- Proteins and Peptides
- Lysates and Cell Lines
By Jamshed Arslan Pharm.D.
Adenosine triphosphate (ATP) is life’s energy-carrying molecule. It is typically produced by mitochondrial ATP synthase (MAS) through oxidative phosphorylation (Oxphos). For example, Oxphos of a glucose molecule generates about 26-28 molecules of ATP. In Oxphos, MAS catalyzes the transfer of electrons from energy-rich molecules (NADH or FADH2) to oxygen (O2) by a series of protein complexes. If oxygen is not available to pick these electrons, as happens in ischemia, two interesting phenomena occur: MAS reverses its function and starts hydrolyzing ATP; and endogenous inhibitor protein of the mitochondrial F1F0-ATPase (IF1) protein inhibits MAS to prevent energy/ATP dissipation. However, the role of MAS and IF1 in the context of cancer cells experiencing hypoxia/anoxia has remained unclear.
A research group at the University of Bologna, Italy, has recently shown that cancer cells overexpress IF1 to survive in hypoxia/anoxia. They found that in cancer cells experiencing low oxygen tension, IF1 plays a role in preventing MAS from switching to ATP hydrolysis, thereby preserving cellular ATP and promoting malignant growth.
To determine the role of IF1 in cancer cell metabolism, the team exposed IF1-silenced and control osteosarcoma cells to hypoxia. They found a decrease in mitochondrial mass in all the cells. To further explore this phenomenon, the researchers loaded cells with TMRM fluorescent dye and oligomycin. The basis for this approach is that TMRM is sequestered only in the active mitochondria and facilitates measurement of mitochondrial membrane potential (MMP), while the oligomycin blocks a MAS channel necessary for Oxphos of ADP to ATP. Therefore, this approach sheds light on the consequences of MAS inhibition in cancer cells.
The team measured MMP, which is one of the markers of mitochondrial functioning, and cellular ATP levels. Flow cytometry and fluorescence microscopy revealed that both MAS inhibition (by oligomycin) and IF1 presence made no difference on mitochondrial function in TMRM-loaded cells. Likewise, ATP levels under hypoxia remained similar in all cases (irrespective of the presence of MAS and/or IF1). Overall, osteosarcoma cells were found to maintain mitochondrial function, partly because hypoxia/anoxia could not initiate MAS-induced ATP hydrolysis.
The researchers then went on to explore how this can lead to cancer cells adapting to low oxygen.
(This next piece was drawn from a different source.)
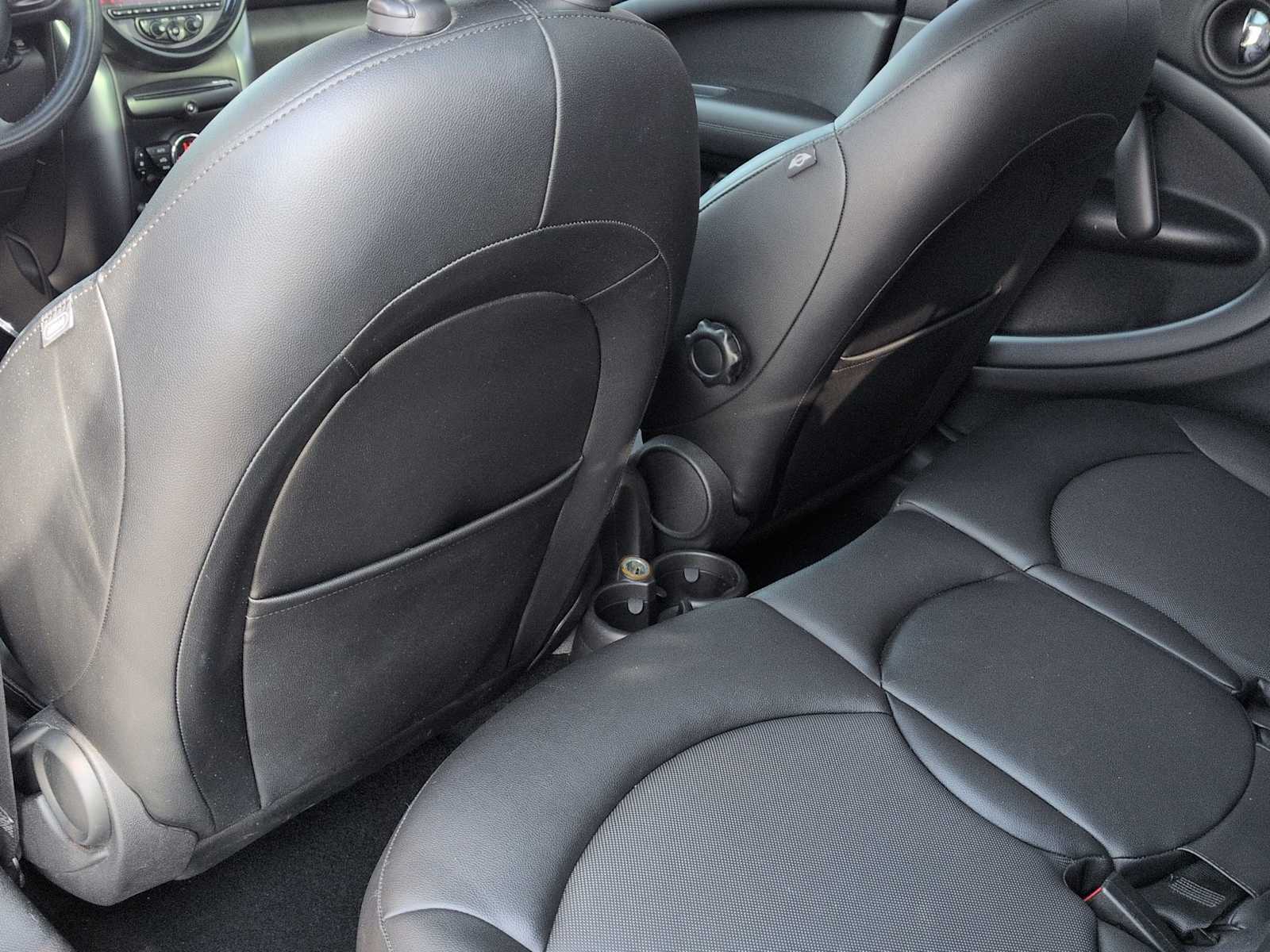 Thumbnail: 2015 MINI Cooper Countryman - 25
To study energy transformation and ATP preservation in cancer cells, the team exposed osteosarcoma cells to different concentrations of carbonyl cyanide-4-(triﬂuoromethoxy) phenylhydrazone (FCCP). FCCP is a mitochondrial uncoupler, a chemical that compromises mitochondrial function by disrupting ATP synthesis, and stimulates oxygen consumption without a corresponding increase in ATP production.
Metabolic analysis revealed that IF1 reduced FCCP’s uncoupling effect and only IF1-silenced clones showed a decline in cellular ATP levels under hypoxia/anoxia. As expected, FCCP inhibited cell proliferation, but the presence of IF1 enabled cancer cells to keep growing even with the highest concentration of FCCP. In other words, IF1 protected cancer cells from FCCP’s anti-proliferative effects by preserving ATP during hypoxia/anoxia.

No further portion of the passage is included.